Posts Tagged ‘Investigating’

Paranormal 101: Ghost Hunting Vs Paranormal Investigating

September 14th, 2022

Anyone with an interest in ghosts, spirits and the paranormal has probably heard the terms “ghost hunter” and “paranormal researcher”, and wondered if there was any difference between the two and what those differences are. What makes you one or the other? From my experience, I would argue that there are some very key differences between ghost hunting and paranormal research. I won’t say if one is better than the other, or even that one is right and the other wrong. There are numerous schools of thought when it comes to spirits and communicating with the after life. Whether you relate to be a ghost hunter or a paranormal researcher is up to you – your personal preferences and beliefs. But consider these differences in the practices and motivations of each. Some ghost hunting Web sites offer these definitions of the two practices*:

Ghost Hunt – Going to a place were there have been no sightings of ghosts and trying to catch some on film (video and photos), sounds, eyewitness, etc. (graveyards are the number one place to start, churches, schools and older buildings too)

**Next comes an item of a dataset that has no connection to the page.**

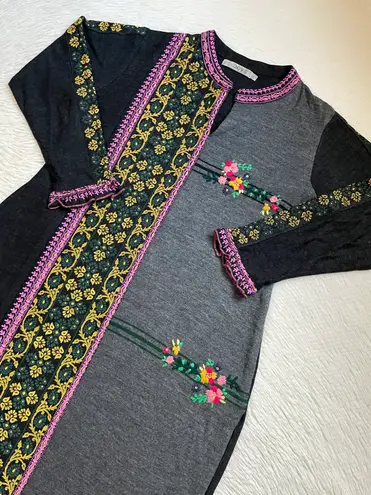 Dove Women’s embroidered floral Kurta maxi tunic dress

Ghost Investigation – Going to a known haunted place and recording data (video, photos, audio, temperatures), notes, interviews and other evidence to prove/disprove the haunting and to assist the owners and the spirits in moving on and leaving the place if they want that. The assistance can be either you directly assisting the owner with the situation or putting them in contact with experienced groups or individuals that will try to resolve the situation. Your assistance can be something as simple as educating them on what is going on and their options.
Honestly, those are two really great definitions. I would add that very often ghost “hunters” tend to be more aggressive in their investigation. Their motivation is clear: Ghost hunters are there to find and document ghosts. To that end, they may use techniques such as “provoking” to achieve their ends. They may hurl insults at spirits, swear at them, command the spirit or entity to touch or even hurt them, and demand the spirit show itself. Are these tactics successful? I’ll have to say they are sometimes successful, but they also can be dangerous. It doesn’t matter how experience a hunter you are, ghosts and spirits are still an unknown quantity – you never know what will happen. This sort of behavior could evoke extreme violence, increase spirit activity in the location – not a great result if this is someone’s home or work place, and even lead to possessions and evil spirits showing themselves where they otherwise may not have.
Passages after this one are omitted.